Your answer should consist of each line below that includes the word "Pendant".

━━━━━━

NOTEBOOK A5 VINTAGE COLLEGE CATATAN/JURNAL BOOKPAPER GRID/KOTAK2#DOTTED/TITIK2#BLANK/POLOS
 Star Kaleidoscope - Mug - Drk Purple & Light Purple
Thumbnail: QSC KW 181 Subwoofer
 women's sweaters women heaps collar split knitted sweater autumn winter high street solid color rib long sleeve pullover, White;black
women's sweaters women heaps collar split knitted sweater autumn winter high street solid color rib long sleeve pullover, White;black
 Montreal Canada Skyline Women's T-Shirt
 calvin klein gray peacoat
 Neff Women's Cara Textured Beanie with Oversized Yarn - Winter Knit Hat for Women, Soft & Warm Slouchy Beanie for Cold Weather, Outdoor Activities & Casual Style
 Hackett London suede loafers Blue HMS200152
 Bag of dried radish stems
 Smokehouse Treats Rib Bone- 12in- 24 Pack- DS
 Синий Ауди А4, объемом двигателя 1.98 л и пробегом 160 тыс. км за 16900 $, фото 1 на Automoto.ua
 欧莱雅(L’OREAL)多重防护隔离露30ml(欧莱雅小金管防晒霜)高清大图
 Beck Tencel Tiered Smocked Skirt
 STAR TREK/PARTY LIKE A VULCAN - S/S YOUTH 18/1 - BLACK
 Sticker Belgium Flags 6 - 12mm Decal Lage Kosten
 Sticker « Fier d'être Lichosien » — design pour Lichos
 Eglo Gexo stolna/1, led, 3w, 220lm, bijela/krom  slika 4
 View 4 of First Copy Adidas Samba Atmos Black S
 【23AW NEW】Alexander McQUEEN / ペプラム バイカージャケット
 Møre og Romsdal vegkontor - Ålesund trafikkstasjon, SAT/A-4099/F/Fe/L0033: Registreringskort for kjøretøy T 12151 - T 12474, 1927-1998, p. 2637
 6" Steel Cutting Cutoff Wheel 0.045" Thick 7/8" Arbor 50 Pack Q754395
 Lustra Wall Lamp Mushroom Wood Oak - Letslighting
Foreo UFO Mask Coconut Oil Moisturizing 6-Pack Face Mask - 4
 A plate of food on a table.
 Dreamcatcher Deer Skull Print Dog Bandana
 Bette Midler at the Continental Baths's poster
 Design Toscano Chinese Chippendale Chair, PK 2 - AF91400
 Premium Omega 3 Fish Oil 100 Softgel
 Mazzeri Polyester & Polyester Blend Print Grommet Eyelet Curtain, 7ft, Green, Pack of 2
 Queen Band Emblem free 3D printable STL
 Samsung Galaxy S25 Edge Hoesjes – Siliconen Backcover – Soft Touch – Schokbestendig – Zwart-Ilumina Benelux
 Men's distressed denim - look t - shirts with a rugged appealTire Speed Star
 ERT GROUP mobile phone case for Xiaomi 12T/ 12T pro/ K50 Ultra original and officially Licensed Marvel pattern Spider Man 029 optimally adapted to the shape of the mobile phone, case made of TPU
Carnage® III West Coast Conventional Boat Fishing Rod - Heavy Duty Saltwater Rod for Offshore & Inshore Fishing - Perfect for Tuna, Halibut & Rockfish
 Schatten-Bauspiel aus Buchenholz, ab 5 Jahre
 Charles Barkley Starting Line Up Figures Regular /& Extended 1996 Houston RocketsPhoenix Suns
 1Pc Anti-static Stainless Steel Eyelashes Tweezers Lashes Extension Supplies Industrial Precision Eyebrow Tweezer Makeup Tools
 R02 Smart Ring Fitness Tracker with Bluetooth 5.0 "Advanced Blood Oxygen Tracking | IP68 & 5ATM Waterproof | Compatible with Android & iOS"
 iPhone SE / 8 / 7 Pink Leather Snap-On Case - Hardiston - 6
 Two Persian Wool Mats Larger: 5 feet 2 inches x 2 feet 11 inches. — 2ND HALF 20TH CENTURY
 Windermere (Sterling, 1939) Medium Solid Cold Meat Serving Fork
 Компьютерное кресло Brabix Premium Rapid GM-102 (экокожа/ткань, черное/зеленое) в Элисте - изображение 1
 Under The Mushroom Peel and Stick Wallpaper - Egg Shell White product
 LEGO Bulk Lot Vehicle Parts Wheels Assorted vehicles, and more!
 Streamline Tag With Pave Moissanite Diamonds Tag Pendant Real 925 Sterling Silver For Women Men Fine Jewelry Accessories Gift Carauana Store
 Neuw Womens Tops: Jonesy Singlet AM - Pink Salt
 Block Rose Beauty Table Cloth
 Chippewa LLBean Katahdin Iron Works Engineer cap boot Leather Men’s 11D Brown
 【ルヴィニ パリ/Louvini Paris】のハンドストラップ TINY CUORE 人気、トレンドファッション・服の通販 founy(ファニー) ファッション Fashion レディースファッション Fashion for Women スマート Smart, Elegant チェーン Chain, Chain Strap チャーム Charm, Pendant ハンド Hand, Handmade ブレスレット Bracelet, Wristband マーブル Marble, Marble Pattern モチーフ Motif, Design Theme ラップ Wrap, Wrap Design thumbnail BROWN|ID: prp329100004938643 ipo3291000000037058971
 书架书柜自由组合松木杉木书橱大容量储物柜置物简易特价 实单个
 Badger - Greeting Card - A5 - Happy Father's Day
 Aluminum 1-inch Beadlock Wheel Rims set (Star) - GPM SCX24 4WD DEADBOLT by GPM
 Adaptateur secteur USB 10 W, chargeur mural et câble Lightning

━━━━━━

▶ [RESPONSE TO THIS TASK]
 Streamline Tag With Pave Moissanite Diamonds Tag Pendant Real 925 Sterling Silver For Women Men Fine Jewelry Accessories Gift Carauana Store
 【ルヴィニ パリ/Louvini Paris】のハンドストラップ TINY CUORE 人気、トレンドファッション・服の通販 founy(ファニー) ファッション Fashion レディースファッション Fashion for Women スマート Smart, Elegant チェーン Chain, Chain Strap チャーム Charm, Pendant ハンド Hand, Handmade ブレスレット Bracelet, Wristband マーブル Marble, Marble Pattern モチーフ Motif, Design Theme ラップ Wrap, Wrap Design thumbnail BROWN|ID: prp329100004938643 ipo3291000000037058971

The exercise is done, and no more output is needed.